RECORDER REPORT

KARACHI: The local market remained bearish on Saturday. Market sources told that trading volume remained low due to the fluctuation in the rate of dollar in the local market while the dollar is strengthening in international market.

Sources told that reason behind bearish trend worldwide is increasing tension between China and America on economic front.

Cotton Analyst Naseem Usman told that ICE cotton futures rose 3% on Friday, with mills taking advantage of a steep fall in the previous session to buy back some of the natural fibre as demand prospects remain strong amid steady global economic recovery.

Cotton contracts for May rose 2.35 cents, or 3% to 80.79 cents per lb by 10:25 a.m. EDT (1425 GMT). It traded within a range of 77.12 and 80.97 cents a lb.

However, the contract is down 4.7% so far this week, its biggest weekly percentage fall since March 2020.

“Certainly some mills might be buying and off course under 80 cents we may have seen some foreign bushiness done last night. Also, the dollar has gone down a little today,” said Keith Brown, principal at cotton brokers Keith Brown and Co in Georgia

“The fundamentals of cotton are basically intact, the speculators were heavily long and they got liquidated yesterday.” Cotton prices fell nearly 5% and traded limit down on Thursday, pressured by a weak export sales data and a stronger dollar.

Meanwhile, Senior Vice Chairman of Pakistan Yarn Merchants Association (PYMA), Hanif Lakhany has urged Abdul Razak Dawood, Adviser on Trade & Investment to PM to fulfil his promise for removal of additional customs duty and regulatory duty (ACD & RD) on synthetic yarns, which is the raw material of the textile industry. He said that the government should play a role in providing raw materials to the textile industry at reasonable prices, otherwise Prime Minister Imran Khan’s dream of industrial & economic development will never come true.

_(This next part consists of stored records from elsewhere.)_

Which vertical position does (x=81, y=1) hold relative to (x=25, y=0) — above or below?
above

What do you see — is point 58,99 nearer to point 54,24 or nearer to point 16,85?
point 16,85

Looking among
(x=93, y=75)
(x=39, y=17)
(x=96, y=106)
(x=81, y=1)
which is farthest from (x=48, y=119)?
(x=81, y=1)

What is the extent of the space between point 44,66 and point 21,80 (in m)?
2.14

Hanif Lakhani appealed to Trade and Investment Adviser Abdul Razak Dawood, saying that last year the government had announced the abolition of additional customs duty and regulation on industrial raw materials, but ACD & RD on synthetic yarns were not abolished, so immediately remove these barriers for reducing the production cost and also justify the cascading system of polyester value chain. But even after a long wait, the prime minister’s adviser has not kept his promise, which is a matter of grave concern to textile exporters and importers.

Naseem also told that rate of cotton in Sindh was in between Rs 10,300 to Rs 11500 per maund. The rate of Phutti in Sindh is in between Rs 4500 to Rs 5100 per 40 kg.

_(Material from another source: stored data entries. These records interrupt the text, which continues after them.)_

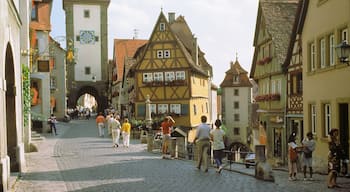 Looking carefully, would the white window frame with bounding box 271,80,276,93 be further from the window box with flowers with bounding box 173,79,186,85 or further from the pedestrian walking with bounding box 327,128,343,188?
the pedestrian walking with bounding box 327,128,343,188

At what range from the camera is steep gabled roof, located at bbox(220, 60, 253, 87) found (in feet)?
240

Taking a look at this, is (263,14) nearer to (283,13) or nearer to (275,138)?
(283,13)

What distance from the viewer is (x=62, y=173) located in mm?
16250

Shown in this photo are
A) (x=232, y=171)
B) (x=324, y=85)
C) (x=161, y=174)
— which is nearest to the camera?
(x=161, y=174)

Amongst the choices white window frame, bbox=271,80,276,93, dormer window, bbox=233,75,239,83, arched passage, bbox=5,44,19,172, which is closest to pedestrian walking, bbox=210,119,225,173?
arched passage, bbox=5,44,19,172

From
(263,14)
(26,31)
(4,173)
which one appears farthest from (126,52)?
(4,173)

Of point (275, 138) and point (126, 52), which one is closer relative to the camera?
point (275, 138)

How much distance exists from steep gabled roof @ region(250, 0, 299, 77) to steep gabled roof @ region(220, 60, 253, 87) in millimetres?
39935

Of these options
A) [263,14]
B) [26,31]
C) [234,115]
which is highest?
[263,14]

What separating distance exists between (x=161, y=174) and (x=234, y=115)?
58691mm

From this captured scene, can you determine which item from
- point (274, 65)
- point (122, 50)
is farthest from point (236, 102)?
point (274, 65)

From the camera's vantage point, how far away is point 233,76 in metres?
73.6

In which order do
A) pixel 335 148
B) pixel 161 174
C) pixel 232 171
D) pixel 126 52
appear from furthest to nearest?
1. pixel 126 52
2. pixel 232 171
3. pixel 161 174
4. pixel 335 148

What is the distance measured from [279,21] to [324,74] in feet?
39.7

The rate of cotton in Punjab is at Rs 12500 per maund. The rate of Phutti in Punjab is in between RS 4800 to Rs 6300 per 40 kg. The rate of Banola in Sindh was in between Rs 1600 to Rs 2000 while the price of Banola in Punjab was in between Rs 1800 to Rs 2250. The rate of cotton in Balochistan is Rs 12000 per maund. The rate of Phutti of Dalbadin Balochistan is available at Rs 6300 to Rs 6400 per 40 Kg.

The Spot Rate remained unchanged at Rs 11,900 per maund. The Polyester Fiber was available at Rs 220 per Kg.